[Material for this task Boundary: Start]
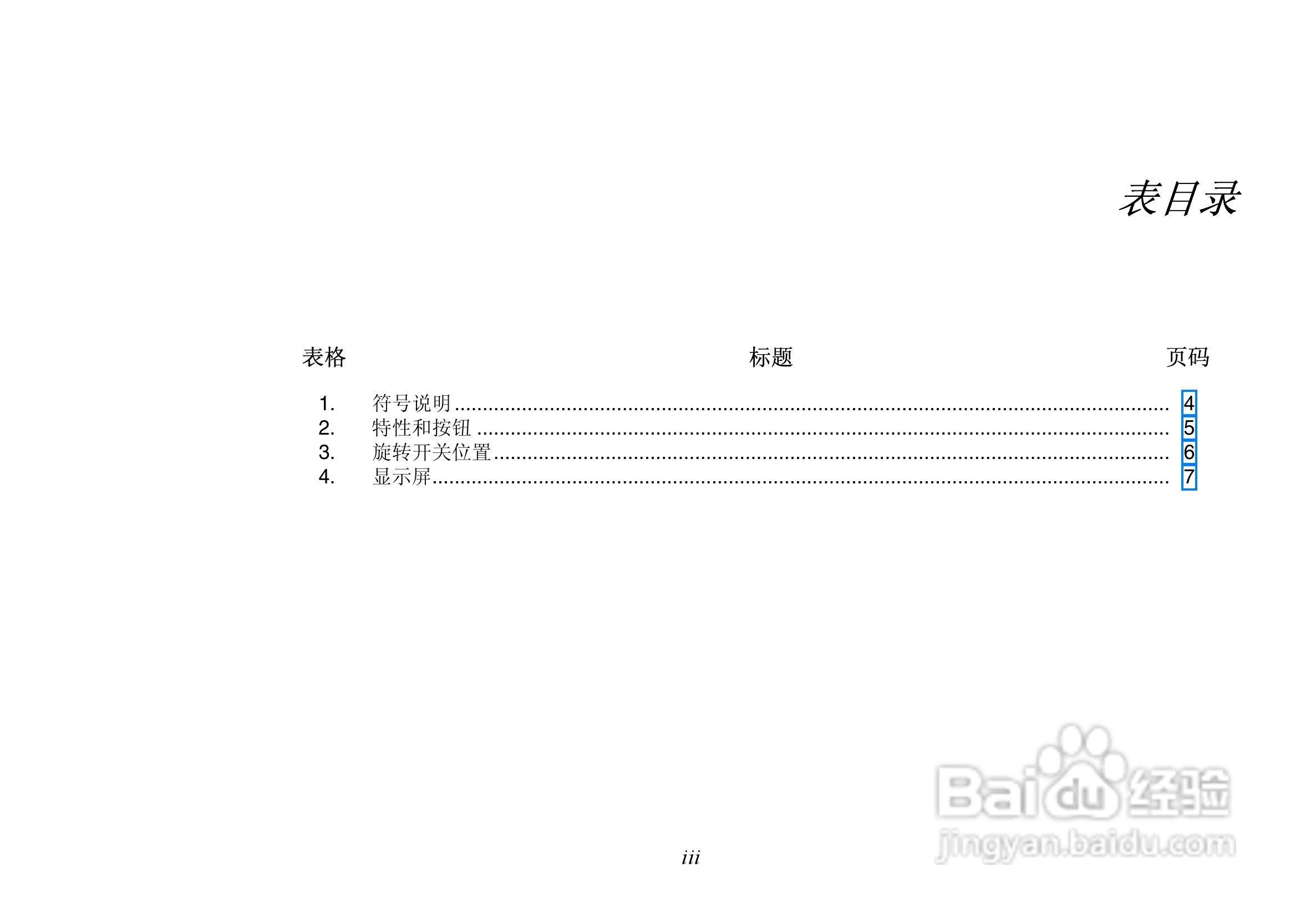 福禄克Fluke 355钳形表使用说明书:[1]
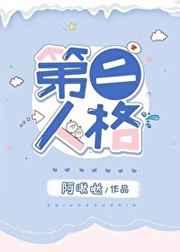 失忆后准前妻有点不对劲 失忆后准前妻有点不对劲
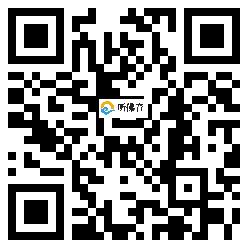 微信分享二维码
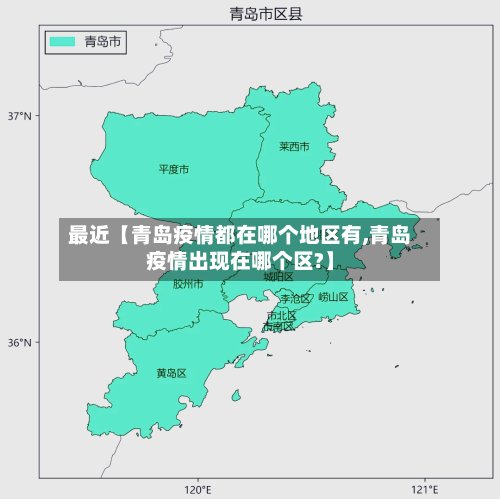 最近【青岛疫情都在哪个地区有,青岛疫情出现在哪个区?】-第2张图片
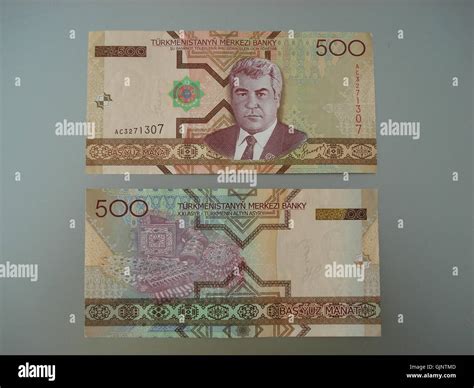 The Turkmen manat is the official currency of Turkmenistan, introduced to replace the Soviet ...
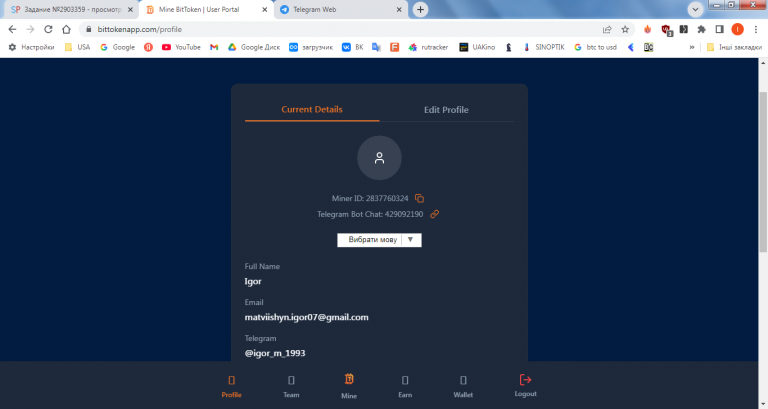 2026 02 24 14 23 09 png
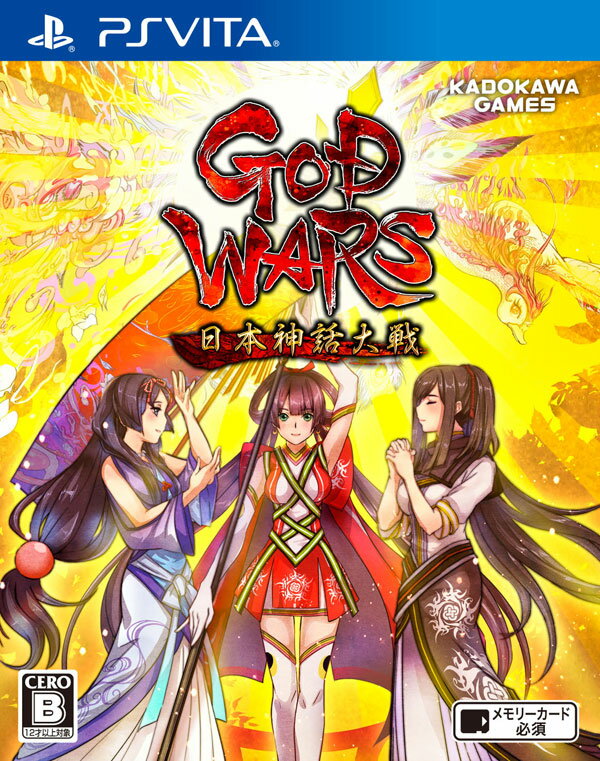 GOD WARS 日本神話大戦 PS Vita版 通常版の画像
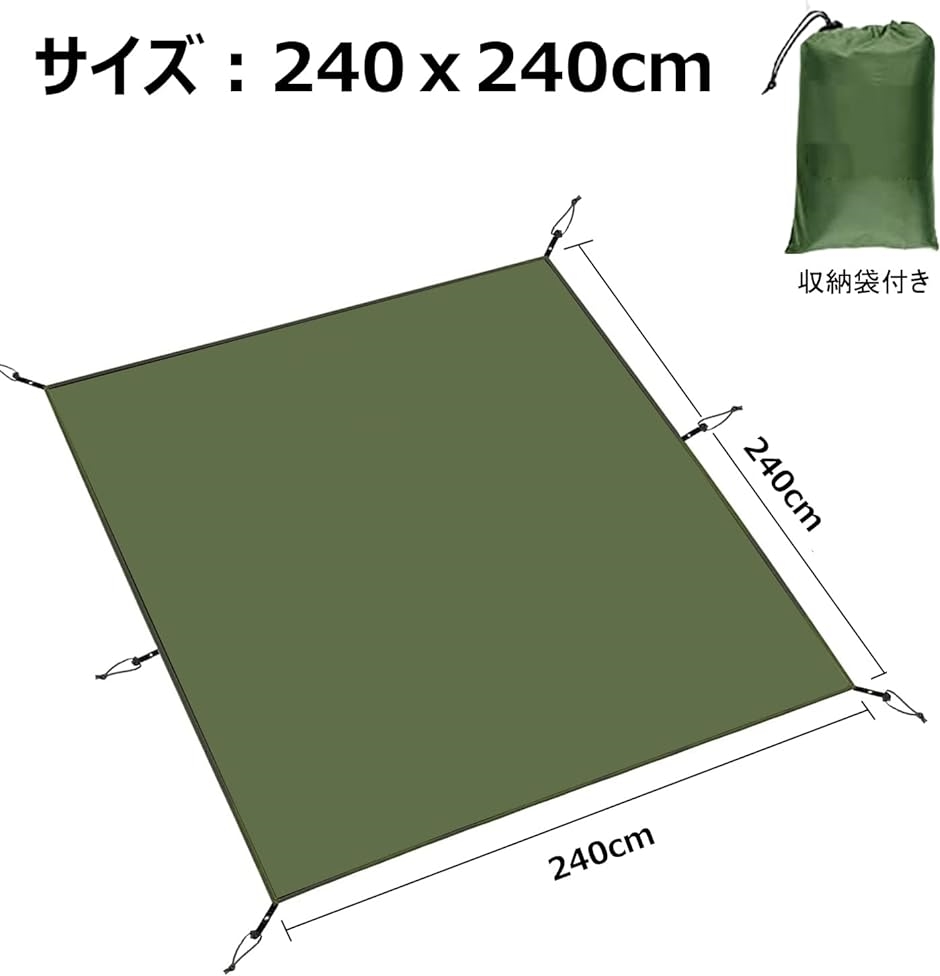 テントシート 防水加工 耐水圧3000mm グランドシート 厚手 アウトドア キャンプ 登山( アーミーグリーン240x240cm)｜horikku｜07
[Material for this task Boundary: End]
With pictures left out, repeat exactly the lines from the line bearing "失忆后准前妻有点不对劲 失忆后准前妻有点不对劲" through the final line of the records above.

 失忆后准前妻有点不对劲 失忆后准前妻有点不对劲
 微信分享二维码
 最近【青岛疫情都在哪个地区有,青岛疫情出现在哪个区?】-第2张图片
 The Turkmen manat is the official currency of Turkmenistan, introduced to replace the Soviet ...
 2026 02 24 14 23 09 png
 GOD WARS 日本神話大戦 PS Vita版 通常版の画像
 テントシート 防水加工 耐水圧3000mm グランドシート 厚手 アウトドア キャンプ 登山( アーミーグリーン240x240cm)｜horikku｜07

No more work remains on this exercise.